- Born: September 14, 1892 Topeka, Kansas, U.S.
- Died: September 11, 1978 (aged 85) San Diego, California, U.S.
- Resting place: Glendale, California, U.S.
- Education: University of Southern California

= Philip Johnston (code talker) =

American civil engineer and code talker

Philip Johnston (September 14, 1892, in Topeka, Kansas – September 11, 1978, in San Diego, California) was an American civil engineer who is credited with proposing the idea of using the Navajo language as a Navajo code to be used in the Pacific Theater during World War II.

==Early years==
Johnston was born in Topeka, Kansas, on September 14, 1892, the son of a missionary, William Johnston. The elder Johnston brought his family to Flagstaff, Arizona, on September 16, 1896, to serve Navajos residing on the western part of the Navajo Reservation. Philip's father was able to intervene and defuse a potentially violent clash known as the Padre Canyon Incident, which revealed underlying tensions between Navajos and Anglos involving livestock rustling. For resolving that incident in a peaceful manner, local Navajo leaders allowed Reverend Johnston to build a mission 12 miles north of Leupp, Arizona. After that incident, Philip's father worked to expand the boundaries of the western part of the Navajo reservation in order to resolve livestock rustling disputes on which developing tensions were generally centered.

On the reservation, young Philip learned to speak Navajo while playing with Navajo children. In 1901, Philip traveled to Washington, D.C., with his father and local Navajo leaders when they spoke to the newly appointed President Theodore Roosevelt to persuade him to add more land to the Navajo Reservation via an Executive Order. Philip was the Navajo/English translator between the local Navajo leaders and President Roosevelt.

Around 1909–10, Johnston attended the Northern Arizona Normal School, now Northern Arizona University, where he earned an academic degree. In March 1918 he enlisted in the U.S. Army's 319th Engineers, where he received a reserve commission. Between March and September 1918 he trained in Camp Fremont at Menlo Park, California, before being shipped to France as part of the AEF to participate in World War I. It is here that he may have heard about Comanches being used as code talkers by U.S. Army units.

Johnston attended the University of Southern California, Los Angeles, where he earned his graduate civil engineering degree in 1925. Afterwards he took a job with the city of Los Angeles water department.

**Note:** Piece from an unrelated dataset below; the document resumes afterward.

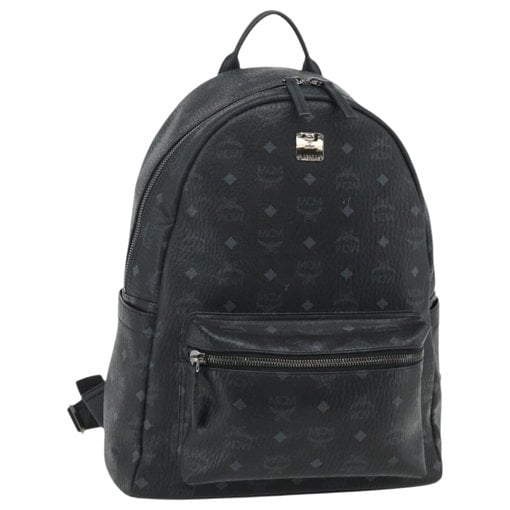 Leather backpack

==The Navajo code talkers project==
Though he worked in Los Angeles he maintained his social connections with the Navajo people with whom he grew up. He was working as a civilian in Los Angeles when the Imperial Japanese Navy attacked Pearl Harbor. After the attack he had read of the U.S. Army using Comanches in their Louisiana field maneuvers to transmit military communications and began to think that the Navajo language could also be applied in this manner. He presented this idea to the United States Marine Corps (USMC), and he was directed to present his proposal.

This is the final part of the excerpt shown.